Late Filipino comics artist hailed for drawing Newfoundland’s very own superhero
Marvel Comics Filipino artist, Danny Bulanadi who died last Nov. 3 in San Francisco of heart failure at 76, drew well-known superheroes like Captain America, the Fantastic Four and the Transformers.
But in a Canadian province, he is best remembered for illustrating Captain Newfoundland, the province’s very own superhero, more than 40 years ago, according to a homage to Captain Newfoundland by Sarah Smellie of The Canadian Press.
Smellie describes Captain Newfoundland as an intergalactic shape-shifter who could teleport through time and space and take on several forms, among them Captain Atlantis.
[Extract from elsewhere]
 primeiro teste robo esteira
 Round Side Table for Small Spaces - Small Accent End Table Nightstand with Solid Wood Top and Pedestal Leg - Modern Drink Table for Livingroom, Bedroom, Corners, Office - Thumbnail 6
He first appeared on the cover of the Newfoundland Herald magazine on Jan. 5, 1980.)
Bulanadi, Smellie reported, was working on new Captain Newfoundland material for the first time in decades when he passed.
Jesse Stirling, whose father and grandfather conceptualized Captain Newfoundland, said, “So we have all these half-finished panels and artwork of Captain Newfoundland, which we might release one day. The Captain lives on, but it will never be the same without Danny Bulanadi.”
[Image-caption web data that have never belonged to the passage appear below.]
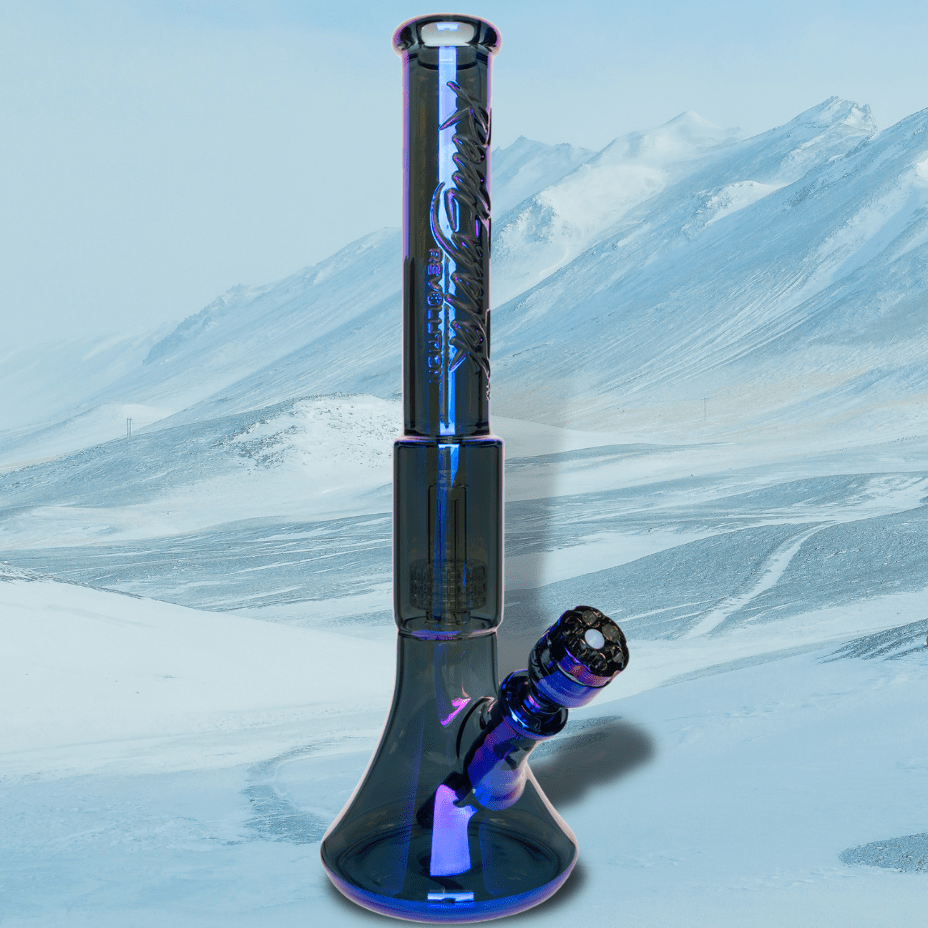 Red Eye Tek Terminator Revolution Dual Chamber Bell Base 17" 17" / 7mm / Blue Airdrie Vape SuperStore and Bong Shop Alberta Canada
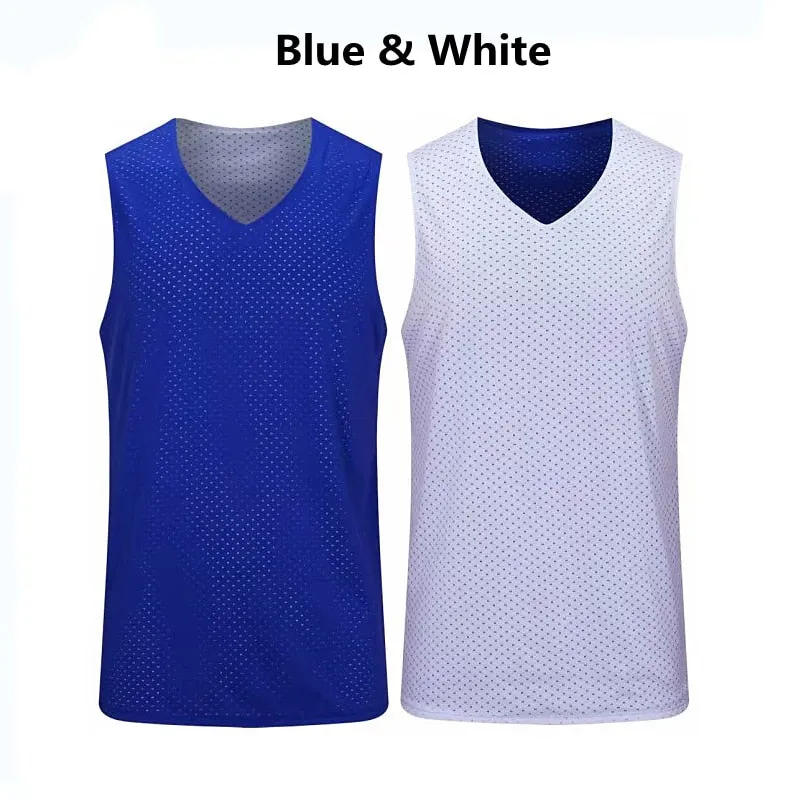 Double-sided Wearable Uniforms double-deck Quick-drying Men Women Sports Shirts Adult Kids Basketball Jerseys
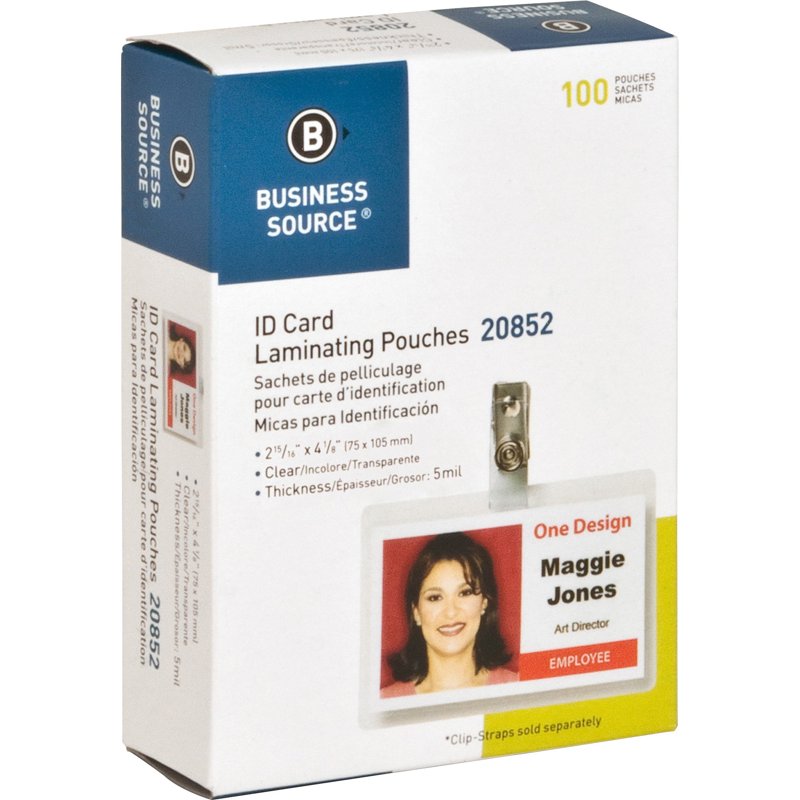 Government ID Laminating Pouches Clear 5 Mil Medium-Weight Protection Box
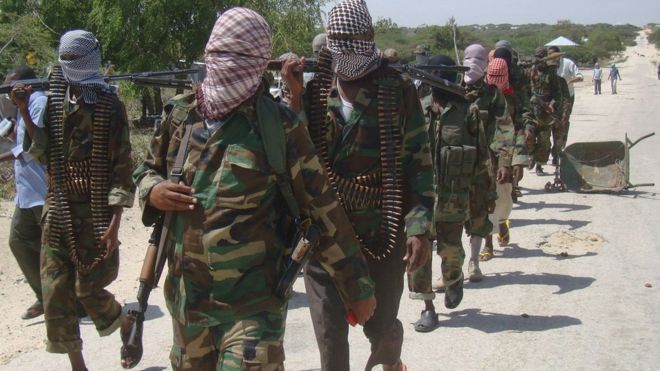Аль-Шабаб боевики в 2012 году (архивное фото)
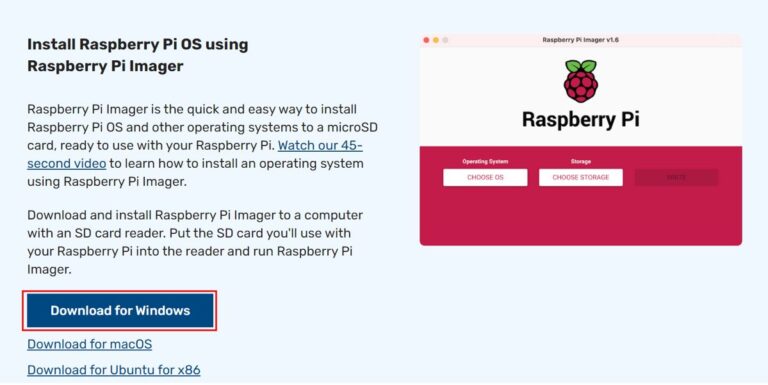 Cài đặt Raspberry Pi Imager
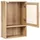Beliani Bad-Wandschrank 40 cm Hellbraun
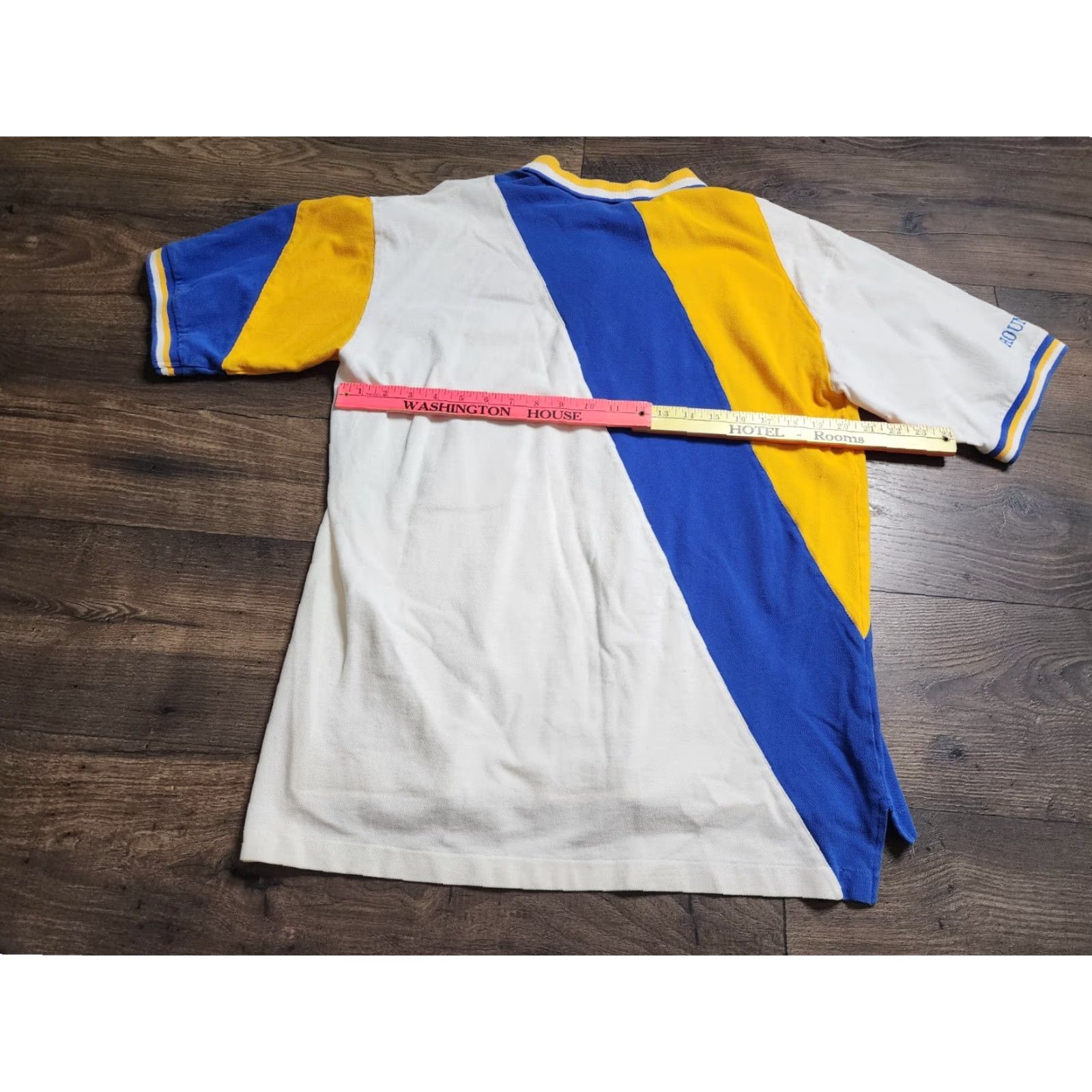 Vintage VINTAGE Nologo Auburndale High School Polo Shirt Short Sleeve Adult L White 1980s 80s School Football Mens/Womens Regular Fit Size US L / EU 52-54 / 3 - 2 Thumbnail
Sterling said his father chose Bulanadi, who had worked on DC Comics’ Conan and Batman, over dozens of other artists to bring the captain to life.
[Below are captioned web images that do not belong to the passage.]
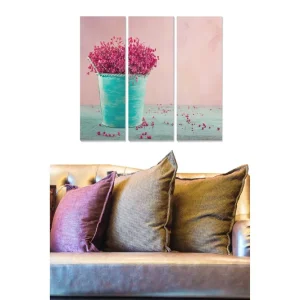 Tavla Floral 3-pack Flerfärgad - Inredning & dekor Expressleverans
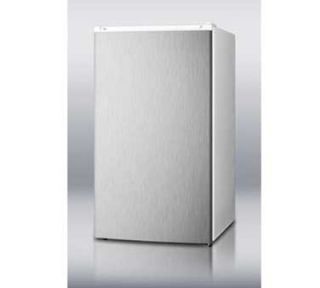 Summit Refrigeration Refrigerator Freezer Combo w/ Auto Defrost, 115v, White/Stainless, 3.6 cu ft, ADA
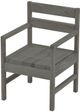 Crate Designs™ Furniture Graphite Dining Arm Chair-0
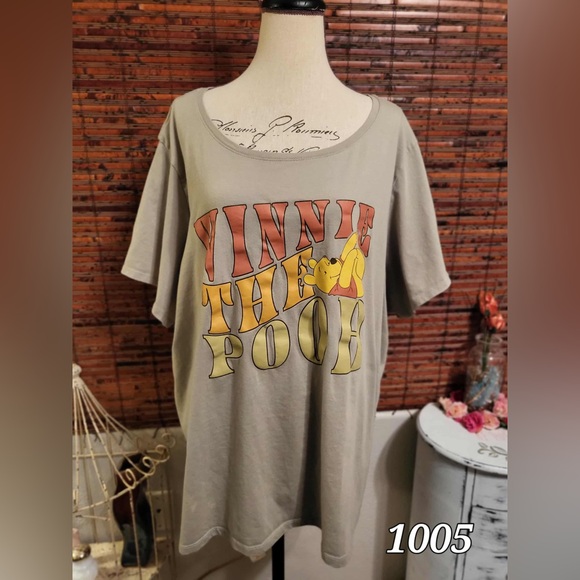 Disney Tops - Disney Gray Winnie the Pooh Tee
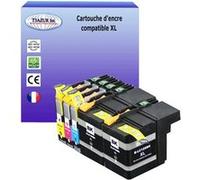 T3AZUR Lot de 5 Cartouches compatibles avec Brother LC129XL, LC125XL pour Brother MFC-J6520DW,MFC-J6720DW Noir, Cyan, Magenta, Jaune G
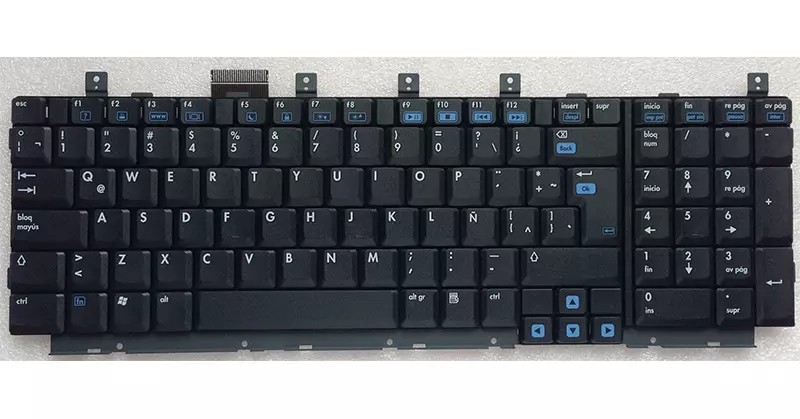Teclado compatible para port&aacute;til HP dv8000  negro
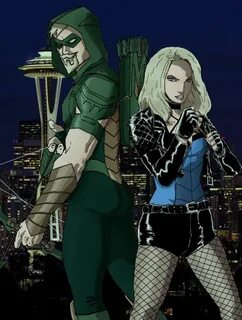 Green Arrow and Black Canary by spriteman1000 on DeviantArt 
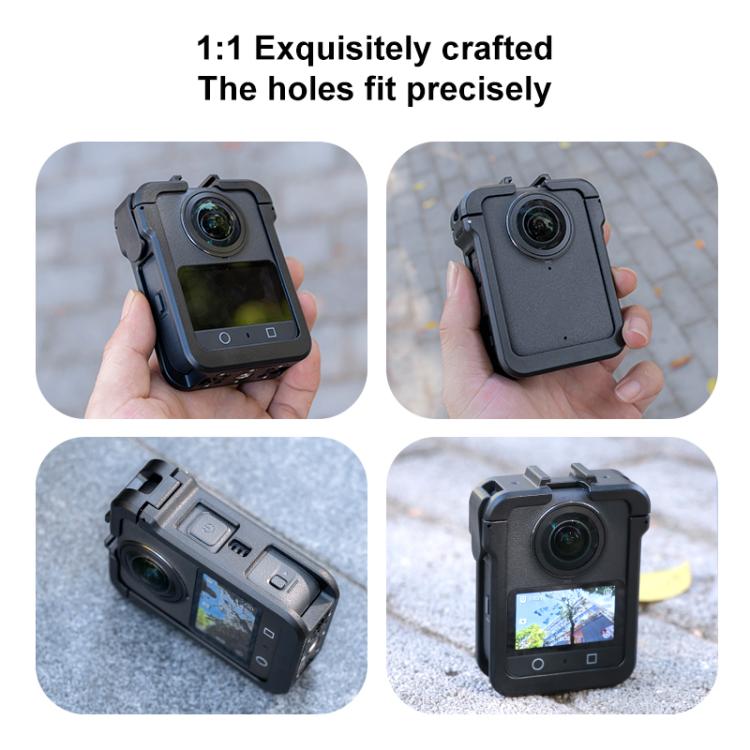 Marco de jaula de plástico para DJI Osmo 360 (negro) — imagen 6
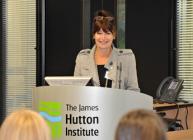 Professor Anne Glover speaking at a previous event at the James Hutton Institute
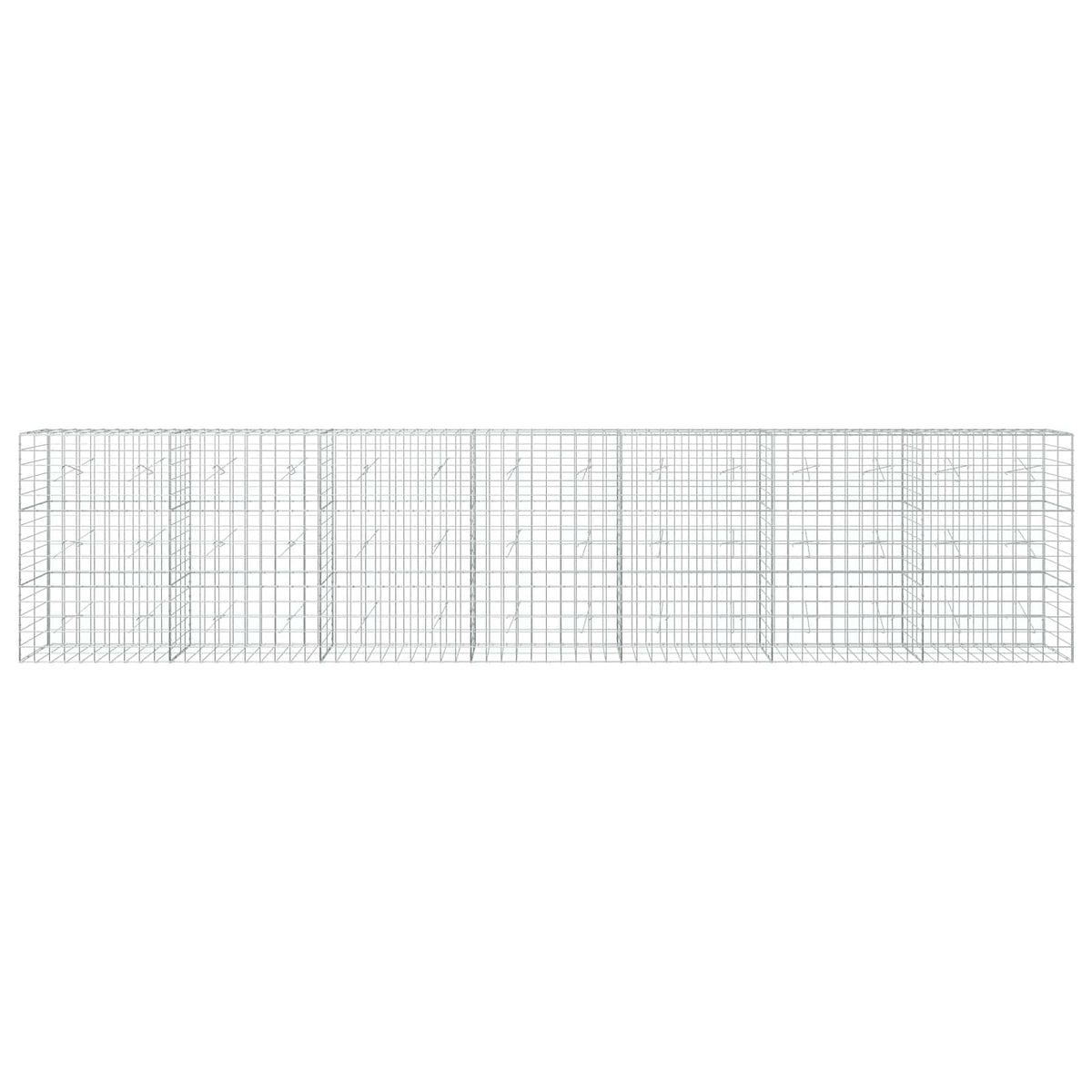 Gabionas su 3,5 mm viela ir 10x10 cm tinkleliu 700x20x150 cm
Bulanadi, who became a close Sterling family friend, was really proud of his Filipino culture and was “a spiritual, a really open guy” who “had a lot of great work left in him.”
Danny Bulanadi, was born in 1946 in Manila, and started as an assistant to Tony deZuñiga who was doing the best-selling “komiks” in the Philippines. Bulanadi moved to the U.S. in 1975 and worked at DC and Marvel, according to comics writer Mark Evanier’s blog.
After moving to Southern California in 1988, Bulanadi was storyboard and designer, primarily for Hanna-Barbera (and especially on Jonny Quest) and for Marvel Productions (especially on The Transformers) and a great many videogames, Evanier writes.